2. Consultants and pre-sales

If you work in a consulting firm or SI and your job is scoping client work, AZ-305 is the relevant credential. Clients do not ask consultants for the name of the person who can deploy a VM. They ask for the architect who can design the migration.

3. Developers with senior-level scope

Senior software engineers who own architectural decisions for their teams benefit more from AZ-305 than AZ-104. Your job is not Azure operations; it is picking the right Azure services to build on. AZ-305 rewards that lens.

The cost-of-wrong-choice

Taking AZ-104 when you should have taken AZ-305: lose ~$165 + ~80 hours + the 3-month delay to the credential that actually moves your career. I have met five architects who took AZ-104 because Microsoft said to, and all five told me they wish they had started with AZ-305.

Taking AZ-305 when you should have taken AZ-104: this is the bigger risk. You pass AZ-305 without operational experience, get a job as an "Azure Architect," and face real-world deployment problems you cannot actually solve. Your team figures this out in 90 days and you have a career setback. I have seen this play out three times.

Passing an exam is easy. Being useful at the job the exam credentials you for is what matters.

The "take both" answer

If you are full-time-studying with 400+ hours over 6 months, take both. AZ-104 first, then AZ-305 three months later. The combined credential carries more weight than either alone, and the 104 → 305 sequencing genuinely does reinforce what you learned.

But if you are part-time studying with 8–10 hours a week and a specific career target, pick one. Pick the one that maps to your job title in 12–18 months.
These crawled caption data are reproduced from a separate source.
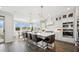 Bright kitchen with a large island, stainless appliances, pendant lights and connection to the dining area at 8030 W Griswold Rd, Peoria, AZ 85345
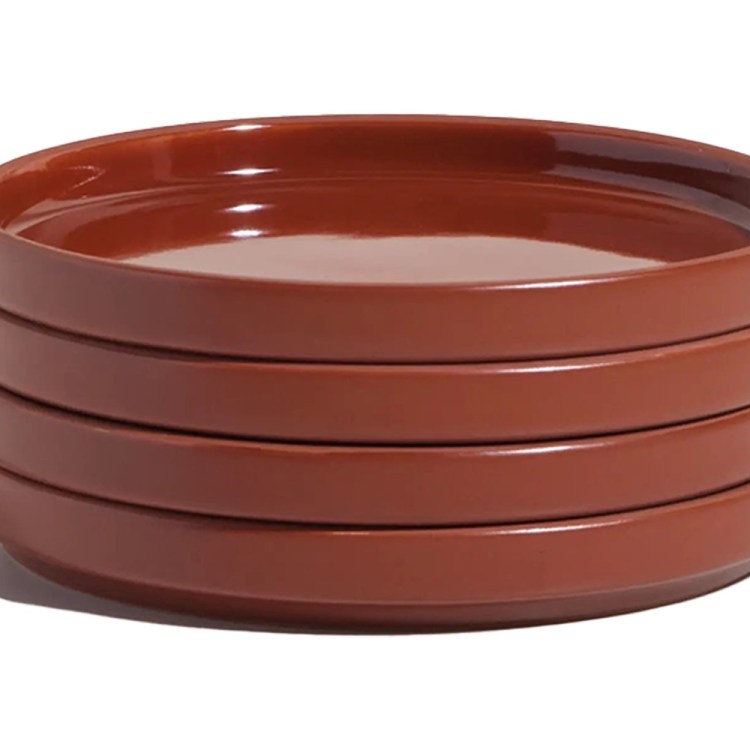 Stack of four glossy, rust-colored ceramic plates with raised edges, casting a shadow on a white background.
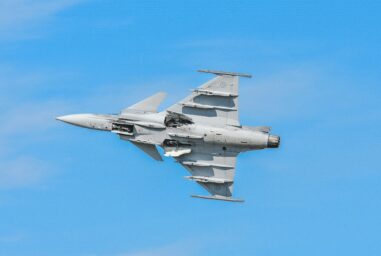 A Swedish Air Force Gripen fighter jet banking against a clear blue sky, its underwing weapons pylons visible.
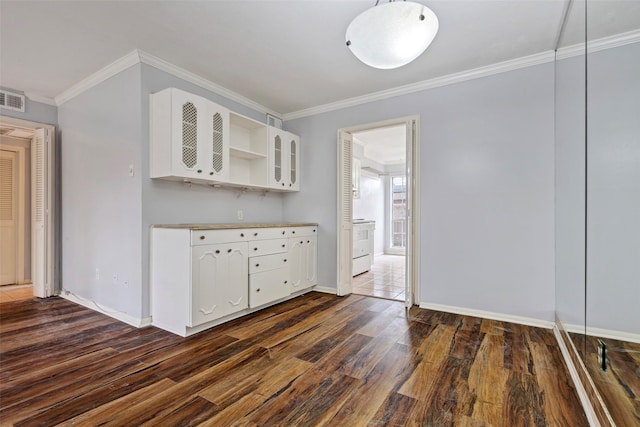 kitchen with crown molding, dark wood-type flooring, and white cabinets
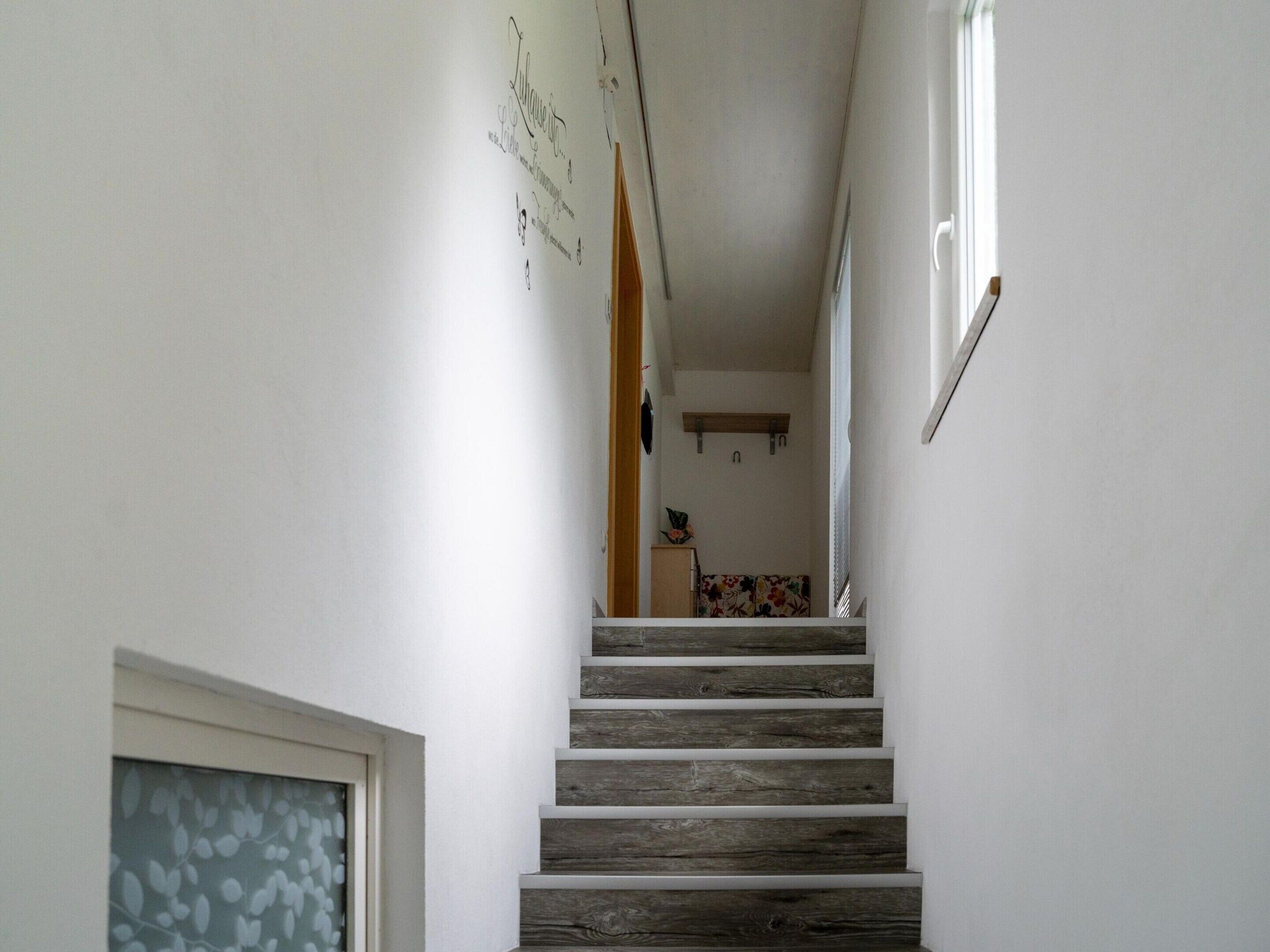 Un escalier étroit avec des marches en bois menant à une pièce dont l’un des murs est décoré d’un motif floral.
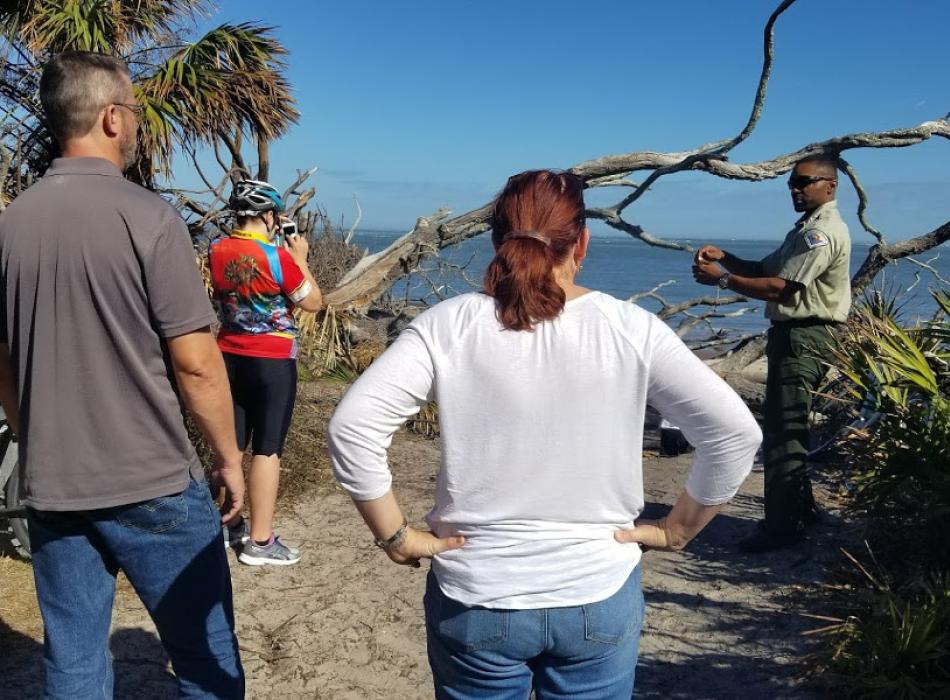 a park ranger points at a beach habitat for several visitors.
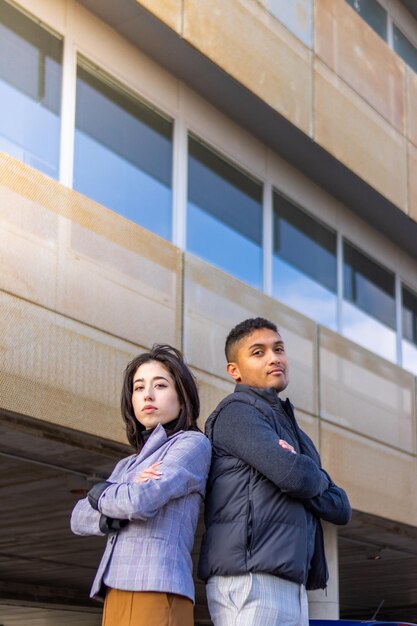 Successful business couple back to back with arms crossed on the street Concept of successful couple with crossed arms outdoors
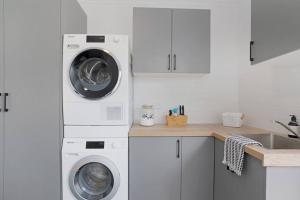 a kitchen with two washing machines and a sink at The Elements l Air l 4 Stunning Apartments each with Private Outdoor Dining l Walk to the Beach l Pet Family and Event Friendly l Wifi l Netflix l Outdoor Shower l Communal BBQ Pavilion and Lawn Area l in Christies Beach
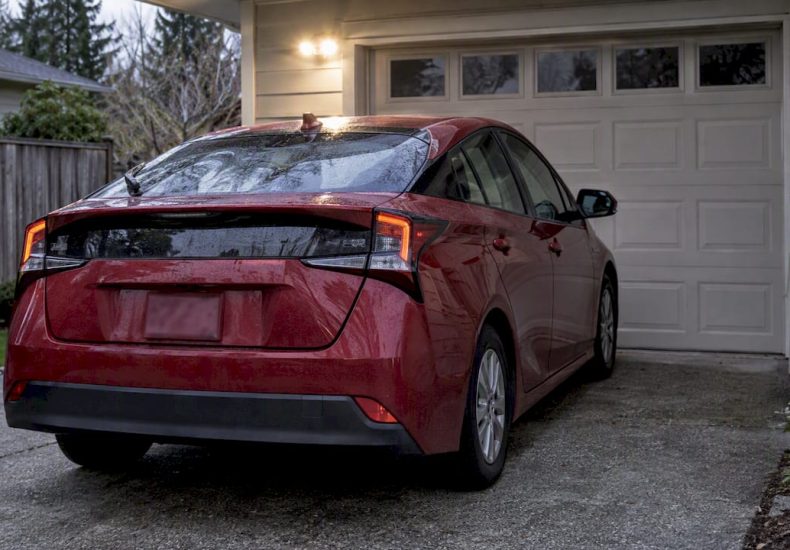 Hybrid parked close to a garage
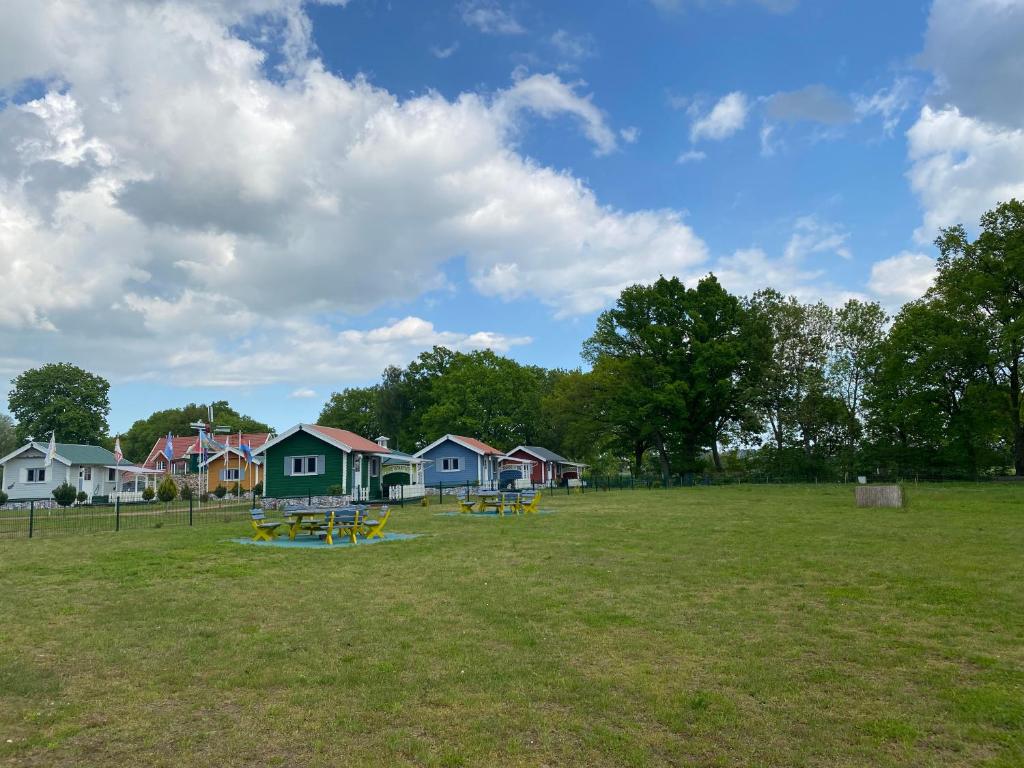 a park with houses and picnic tables in a field at Poppes Ranch Bauerhof & Campingplätze in Zepelin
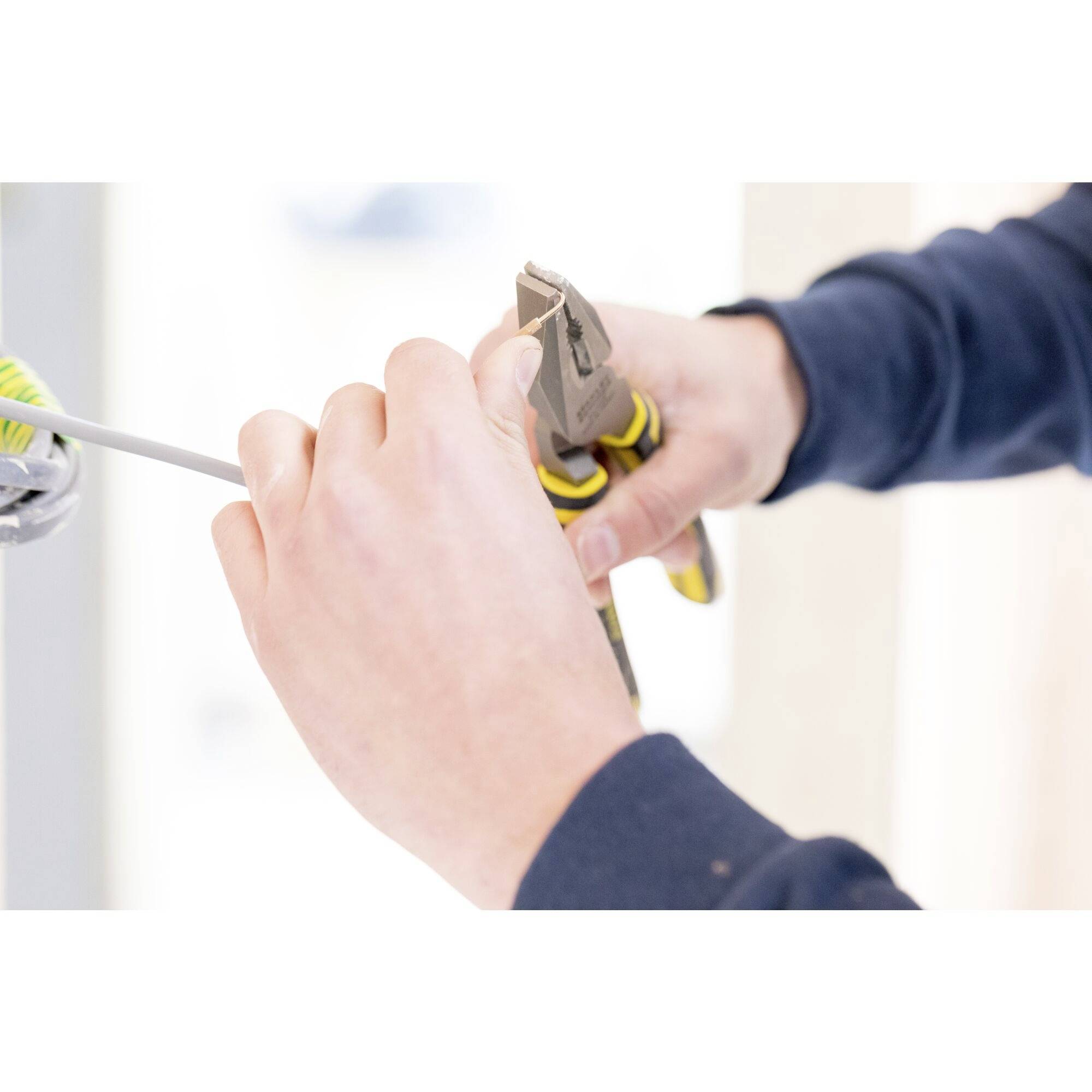 A person is using wire cutters to cut a cable. Close-up of hands, tool and cable in focus.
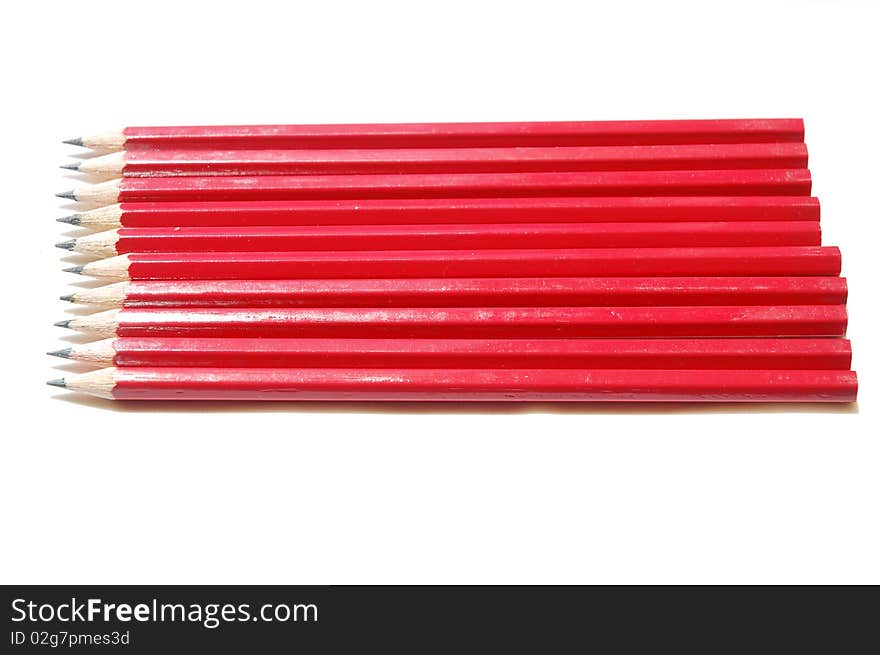 Close up of red pencil with white background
That is the only question that matters.

Domain-specific notes

If your target role mentions any of the following, AZ-305 is clearly the right starting point even if you have less ops depth:

  • Hybrid cloud architect
  • Azure migration lead
  • Cloud security architect (though AZ-500 is a better next step for security-specific roles)
  • Multi-cloud architect

If your target role mentions any of these, AZ-104 is clearly right:

  • Cloud operations
  • Azure Reliability Engineering / SRE
  • Infrastructure engineer
  • Managed services engineer

And if your target is "Azure Developer," neither of these is your next cert. AZ-204 (Developer Associate) is. I see AZ-204 skipped by developers who go for AZ-305 because Architect sounds better. Then they fail AZ-305 because the design-for-applications questions assume development-adjacent knowledge the exam does not teach. AZ-204 first, AZ-305 later if you become an architect.

Cert choice is career direction in disguise. Write down the title. The rest follows.